Thursday 31 January 2019

THE BIG REVEAL IS COMING VERY SOON

I think most observers believe the PM's strategy has always been to run down the Brexit clock and at the last possible moment offer the House of Commons a choice of approving her deal or crashing out without one. She hopes that this will focus minds and force MPs to support her, even if they hate the deal. It will be take it or risk either no deal or no Brexit with neither side knowing which way she will jump and fearing they will end up with their worst nightmare.

This might work but the risks are enormous. And for a policy which will shape our future relationship with our biggest trading partner and closest neighbours for years, it seems an odd way to get it accepted.

Brexit was supposed to be some sort of glorious national voyage of renewal. Instead it is like setting off in a leaky old ship and with a sullen and mutinous crew, divided into two rancorous factions, most of whom were pressed into service at knifepoint. It hardly bodes well does it?

And there is no guarantee it would work. Some Brexiteers are crazy enough to think leaving without a deal is only mildly inconvenient. This could easily tip us over the cliff edge.

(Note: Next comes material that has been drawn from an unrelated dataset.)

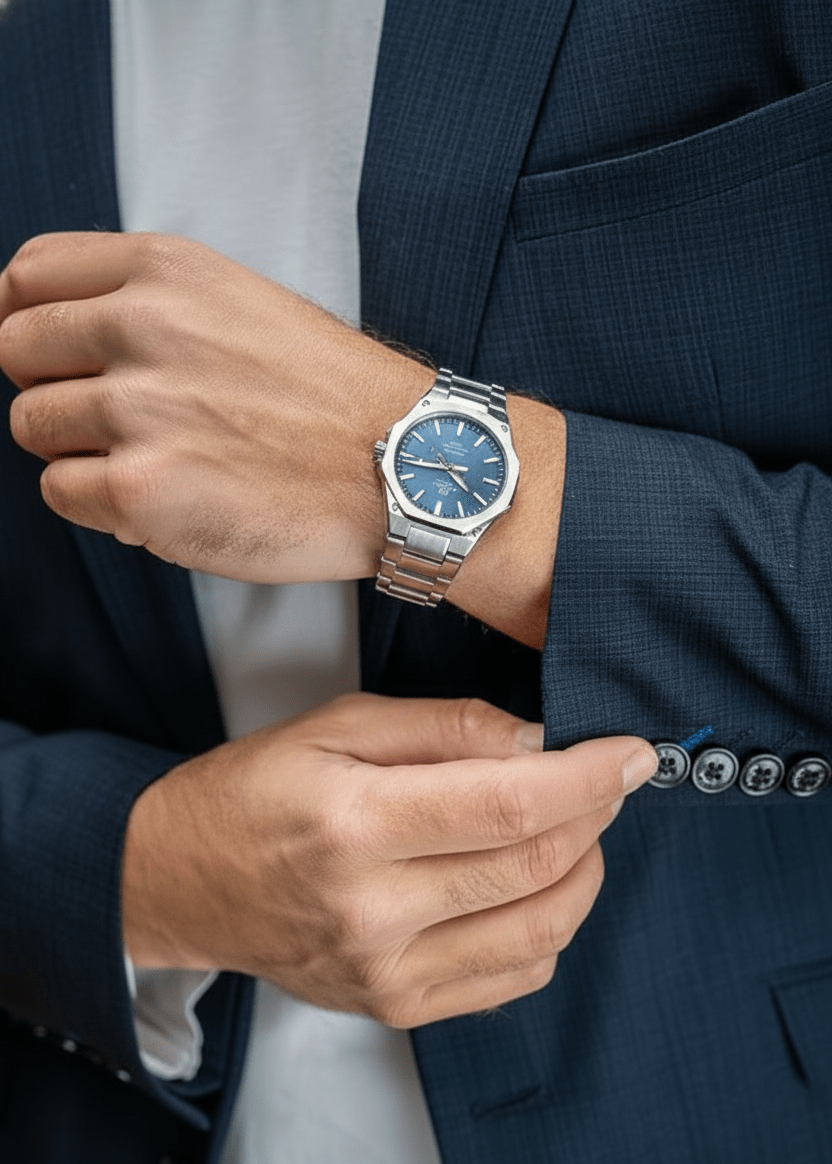 Reloj Casio Edifice EFR-S108D-2A Original Cristal de Zafiro y Resistencia al Agua 100M - Edifice en Perú | Jherr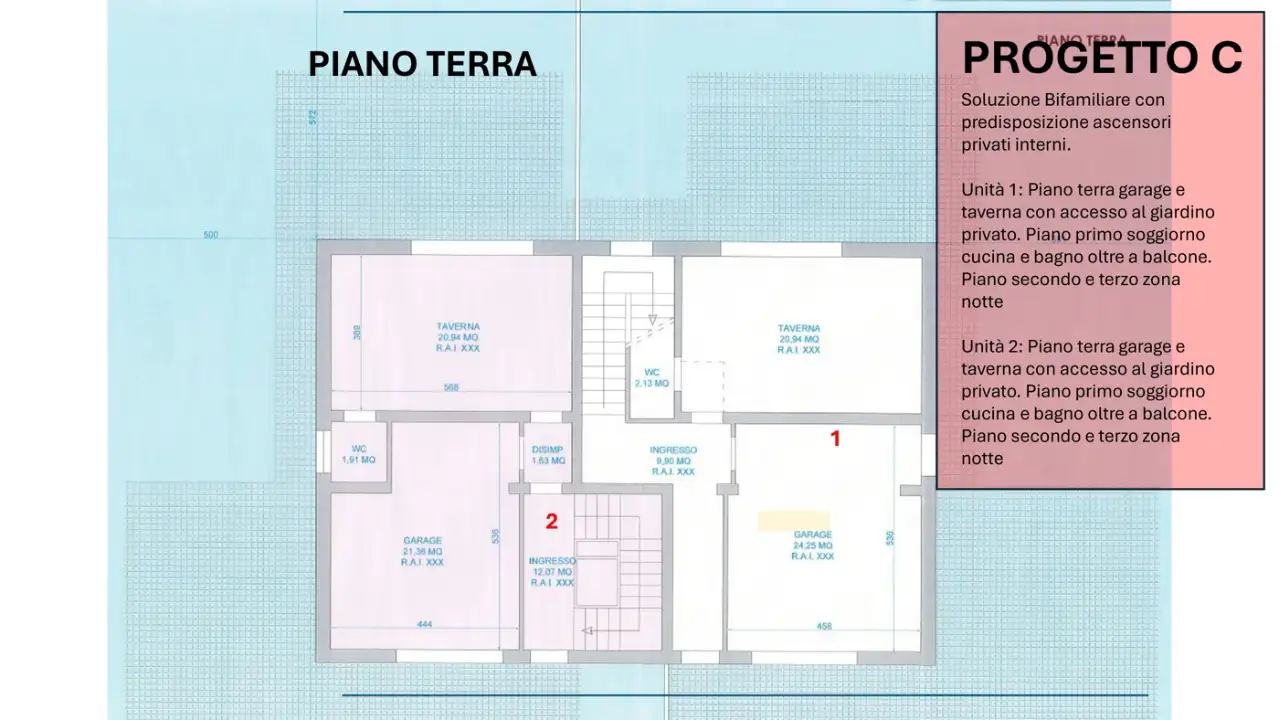 Villa - Planimetry 7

If she relies on Labour votes to get it through, the Conservative party could split.  Robert Peston (HERE) thinks Corbyn is moving towards supporting the deal without a second referendum.  If so, we will be in a position which is almost unique in my lifetime. The deal is anathema to both sides for opposite reasons and both main party leaders will be at odds with a majority of their own membership and their own MPs. Perhaps both parties will split, who knows?

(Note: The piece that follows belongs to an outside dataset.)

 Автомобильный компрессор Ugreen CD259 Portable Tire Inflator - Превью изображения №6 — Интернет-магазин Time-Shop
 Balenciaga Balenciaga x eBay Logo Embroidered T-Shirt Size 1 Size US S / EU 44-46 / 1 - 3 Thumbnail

If she does succeed, by whatever means, and the deal is as unpopular as it seems in the country it will be equivalent to a second poll tax but far more difficult to put right.

To be a national leader you have to be an egomaniac, that's a given. The cabinet is packed with men and women who all think they're far better leaders than the prime minister (although they're all easily the worst we've ever had). You couldn't become an MP unless you thought you were a superior being, but they all disguise vaulting ambition beneath a graphene thin veneer of loyalty. And of course you need to seriously hate your colleagues and treat the opposition as if they were Genghis Khan with leprosy. 

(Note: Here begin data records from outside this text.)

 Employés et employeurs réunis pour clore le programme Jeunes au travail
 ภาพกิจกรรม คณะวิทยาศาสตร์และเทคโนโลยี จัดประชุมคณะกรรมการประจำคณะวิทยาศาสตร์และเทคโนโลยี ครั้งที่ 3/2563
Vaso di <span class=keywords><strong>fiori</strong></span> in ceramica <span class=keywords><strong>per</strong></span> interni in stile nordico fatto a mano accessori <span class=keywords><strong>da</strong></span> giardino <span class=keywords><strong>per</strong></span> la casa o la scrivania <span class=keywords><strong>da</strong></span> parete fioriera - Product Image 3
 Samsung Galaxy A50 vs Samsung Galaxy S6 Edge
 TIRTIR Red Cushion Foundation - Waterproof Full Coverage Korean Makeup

Theresa and Phillip May are tribally Conservative. The well-being of the nation is an afterthought for them.

But even for an egomaniac, the prime minister is certainly a very conceited person.  She thinks she alone can decide what Brexit means and force through a deal that will impact everyone in the country but which has only minority support in parliament and the population. I am not sure many people are so certain about anything but May doesn't do self doubt does she?

She seems to feel no embarrassment whatsoever at spending eighteen months negotiating a deal without first finding out what MPs would or could support. This is where your ego comes in. You have done nothing wrong because it is quite impossible for you to do anything wrong.

Trust in the prime minister has all but gone in Europe as the BBC report HERE and The Guardian HERE By voting against her own deal's backstop section, which took months and months of difficult negotiations and which she supported resolutely until Tuesday, has destroyed what little credibility she had.

By indulging in a lot of can-kicking since coming to power, she has consistently avoided facing up to the huge problems surrounding Brexit and kept them hidden or denied there were any. In the next few weeks the full horror of it all will need to be confronted and explained to a population largely ignorant of what Brexit really means.  There is going to be quite a shock when the big reveal takes place.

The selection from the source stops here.